*MATERIAL FOR THIS TASK*
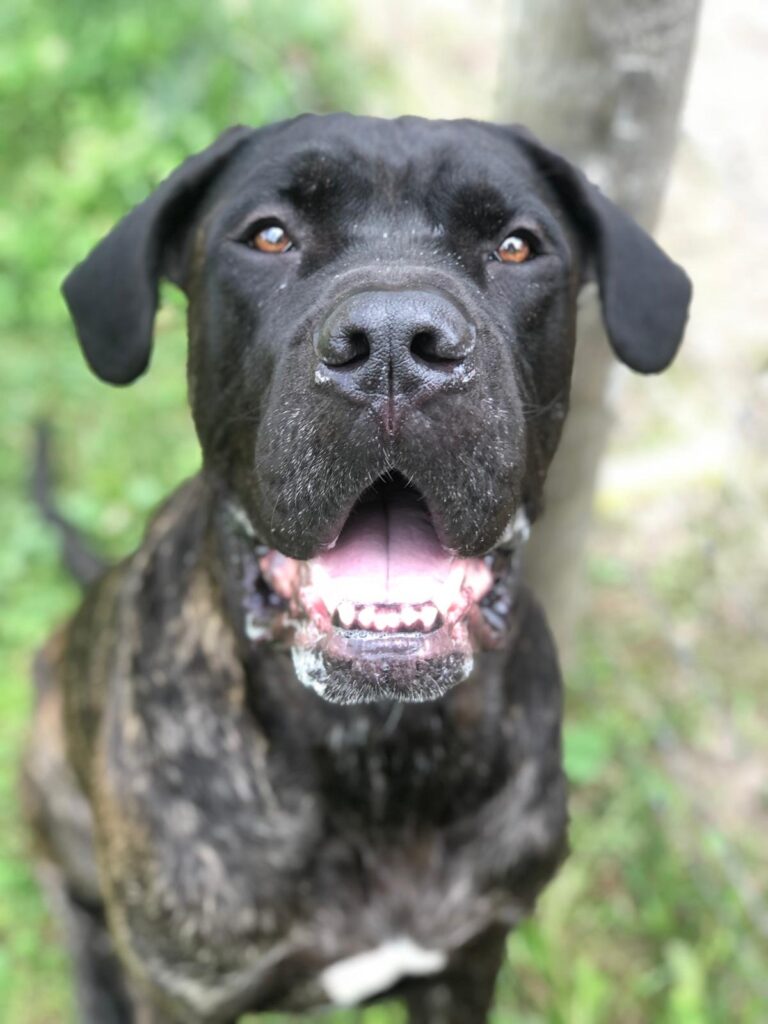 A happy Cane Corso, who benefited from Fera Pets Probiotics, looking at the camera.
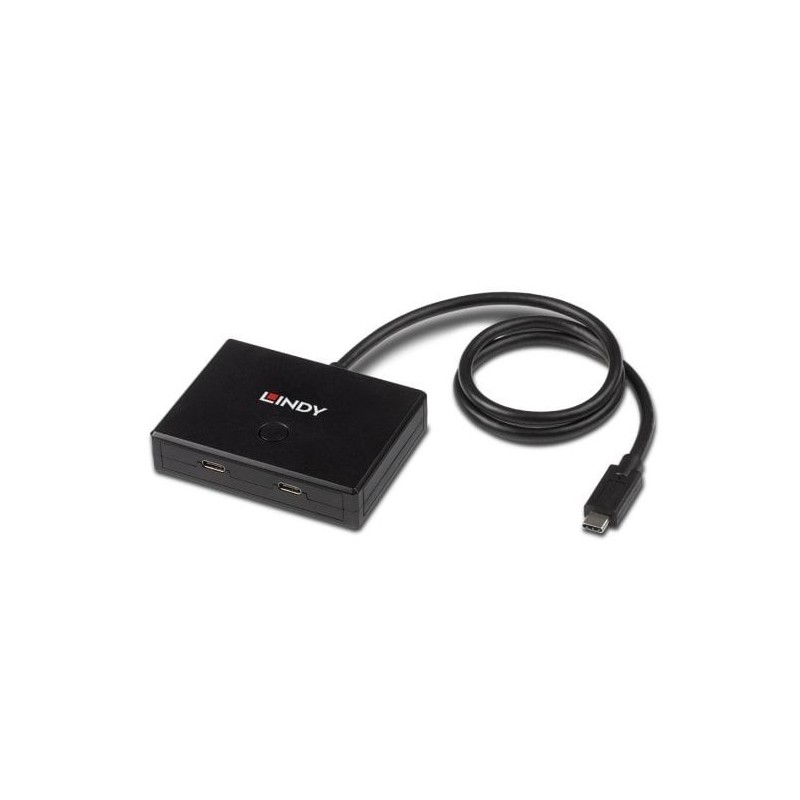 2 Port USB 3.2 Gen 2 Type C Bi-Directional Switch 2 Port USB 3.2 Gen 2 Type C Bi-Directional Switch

* * *

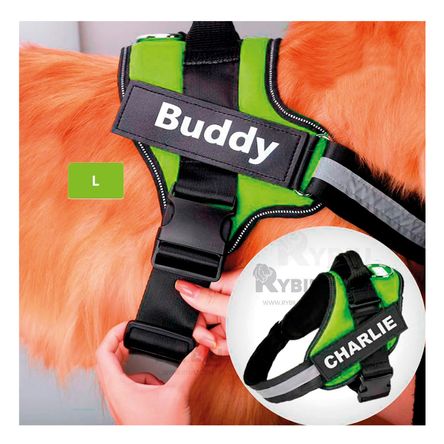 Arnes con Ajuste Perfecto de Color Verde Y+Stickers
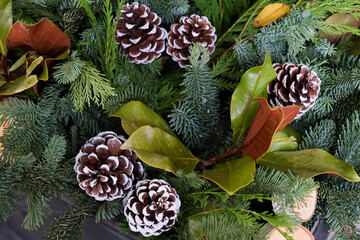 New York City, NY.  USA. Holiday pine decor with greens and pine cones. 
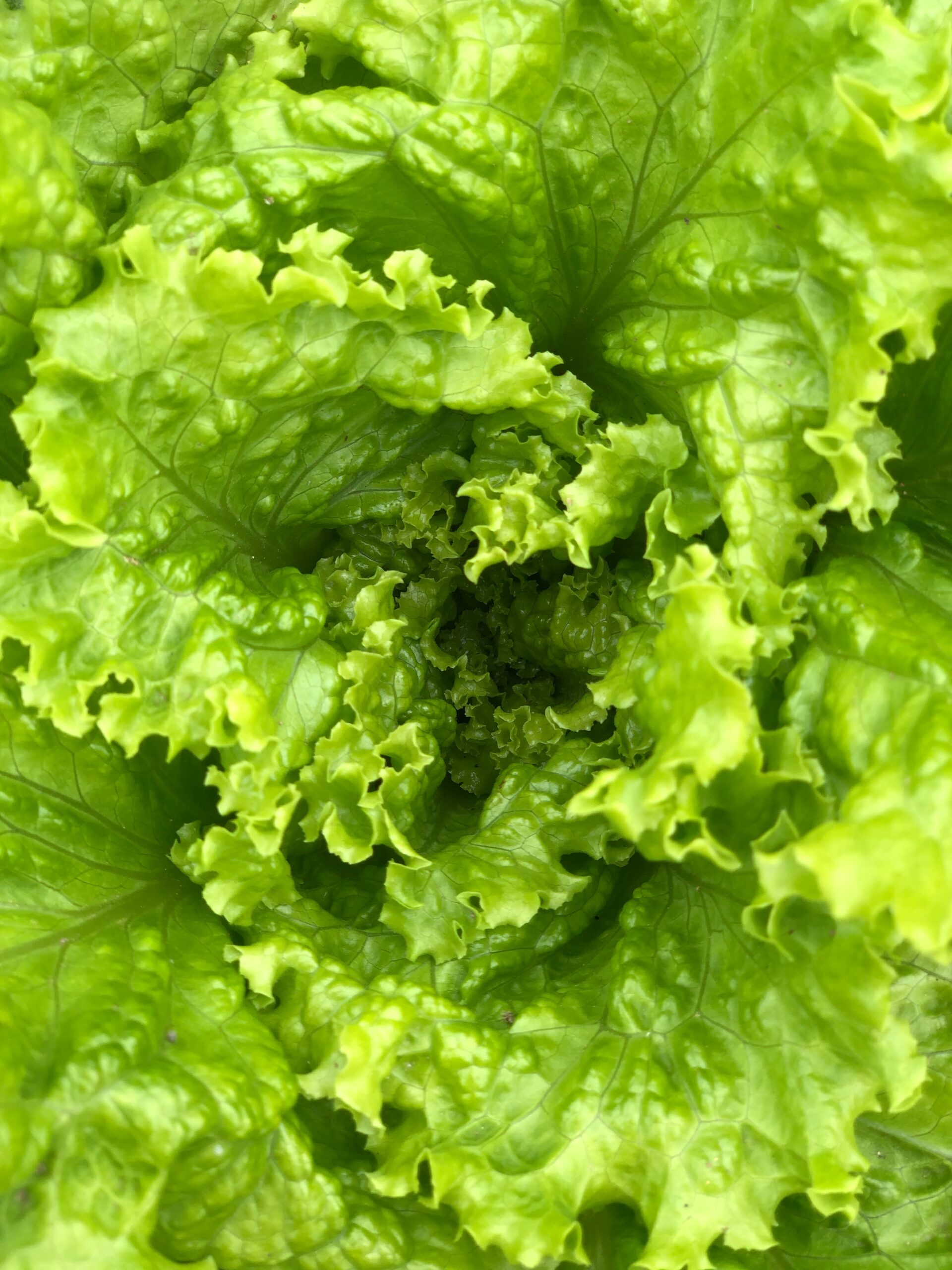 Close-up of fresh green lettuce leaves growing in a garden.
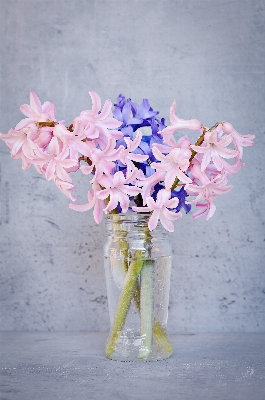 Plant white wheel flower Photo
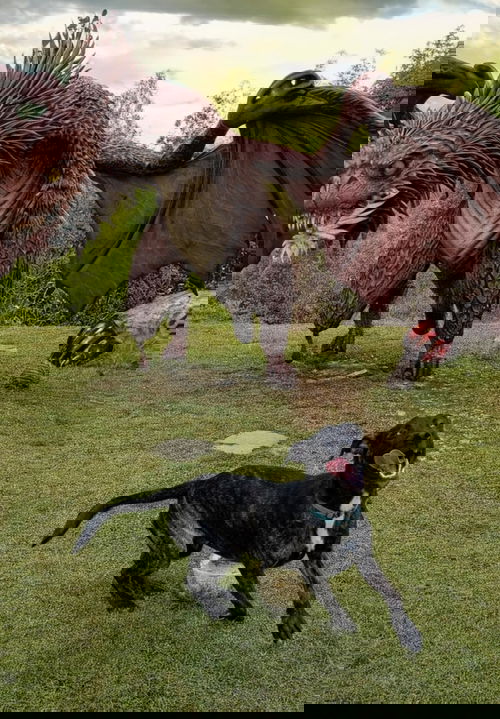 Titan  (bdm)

--

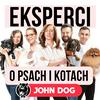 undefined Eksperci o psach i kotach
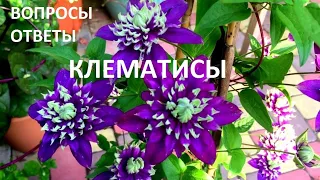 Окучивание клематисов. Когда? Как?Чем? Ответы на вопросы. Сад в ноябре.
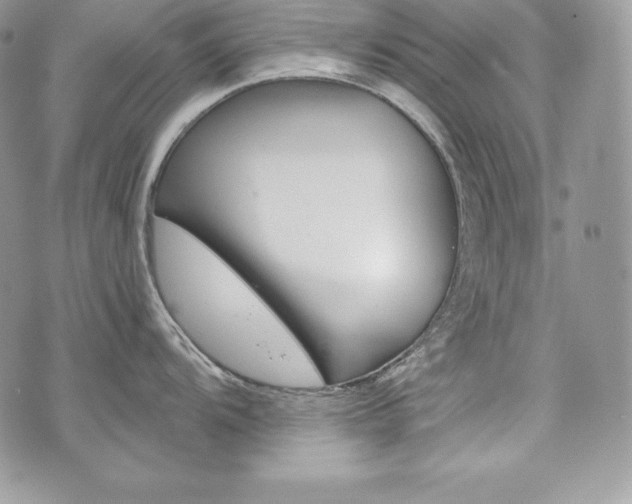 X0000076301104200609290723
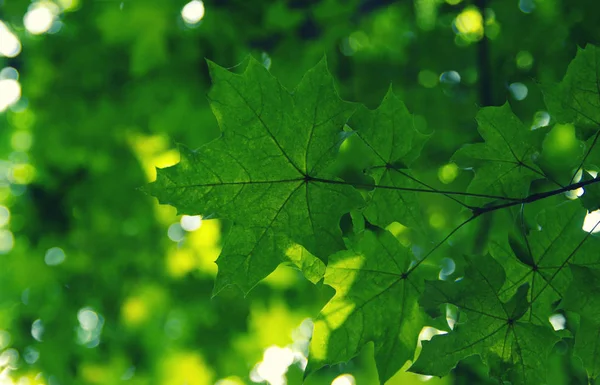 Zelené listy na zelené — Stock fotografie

*TASK PROMPT*
Only one stretch of the material above is wanted: the line containing "A happy Cane" through the line containing "2 Port USB 3.2 Gen 2 Type C Bi-Directional Switch 2". Restate it word for word, minus the pictures.

*SOLUTION TO THE EXERCISE*
 A happy Cane Corso, who benefited from Fera Pets Probiotics, looking at the camera.
 2 Port USB 3.2 Gen 2 Type C Bi-Directional Switch 2 Port USB 3.2 Gen 2 Type C Bi-Directional Switch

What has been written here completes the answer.